Absurd . . . But Pure Laurie Notaro Change the names, create an absurd little scenario, and call it fiction. As a fan of Notaro's essay collections, this story, There's a (Slight) Change I Might Be Going to Hell, didn't surprise or disappoint. It doesn't stretch too far from her roots in writing first person vignettes about a funny, irreverent woman, however, the woman in this story happens to be named "Maye." Maye is clearly a Laurie alter ego, and it helped to have read her earlier collections to get a full picture of this likeable, humble creature.Maye and her husband, Charlie, move from Phoenix, Arizona to Spaulding, Washington, because of her husband's new job. The plot centers on Maye's insatiable quest to make new friends.
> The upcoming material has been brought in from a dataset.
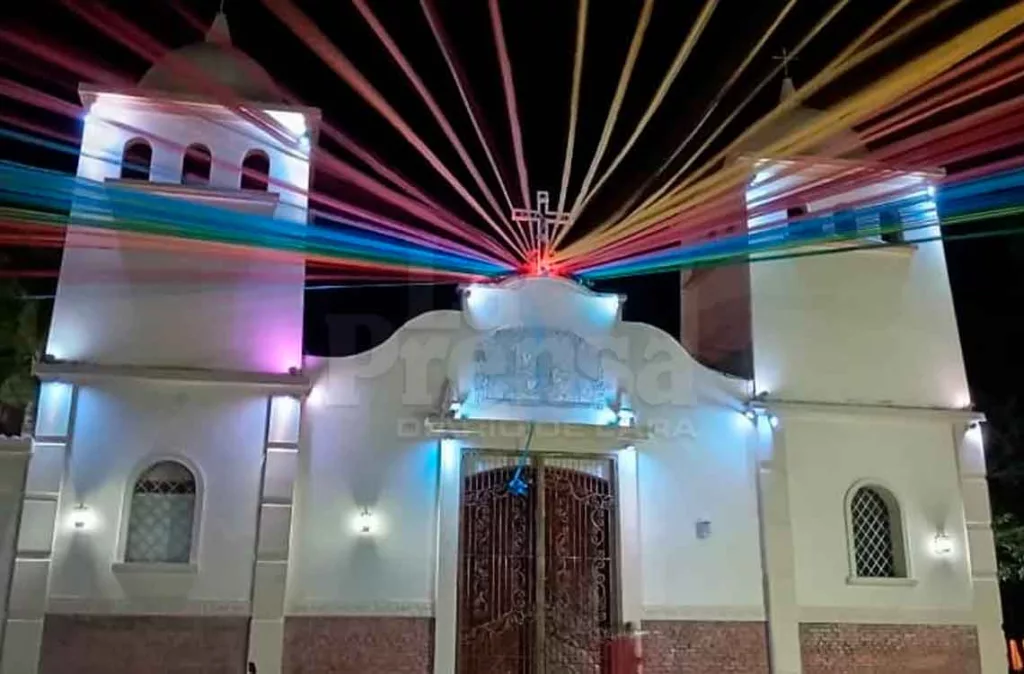 Sanare de Fiesta: Devoción y Tradición se Unen en Honor a Santa Ana.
She is very unsuccessful--mistaking a coven of witches for a book group, infiltrating a meeting of vegetarians only to be busted eating meat later that night, and making a fool of herself at her first faculty gathering by getting stuck in her sweater and doing a striptease of sorts. She makes an enemy of the town matriarch, Rowena Spaulding, and her postman, who makes it necessary for her to take her dog, Mickey, to obedience training. Ultimately, Maye decides to win friends by attempting to win the annual "Miss Sewer Pipe" crown. She obtains a sponsor, the mysterious former Queen, Ruby Spicer, and as their friendship develops, the story grows more interesting. In spite of all the characters bantering back and forth in overly clever repartee and an annoying abundance of similes, I couldn't help but turn the pages just to see how the town pageant would unfold.No great piece of literature, but fans of Laurie Notaro will love this book, and I applaud the author for giving "fiction" a crack, even though according to her acknowledgements, she seemed forced into it. Just keep writing Laurie. You make us laugh.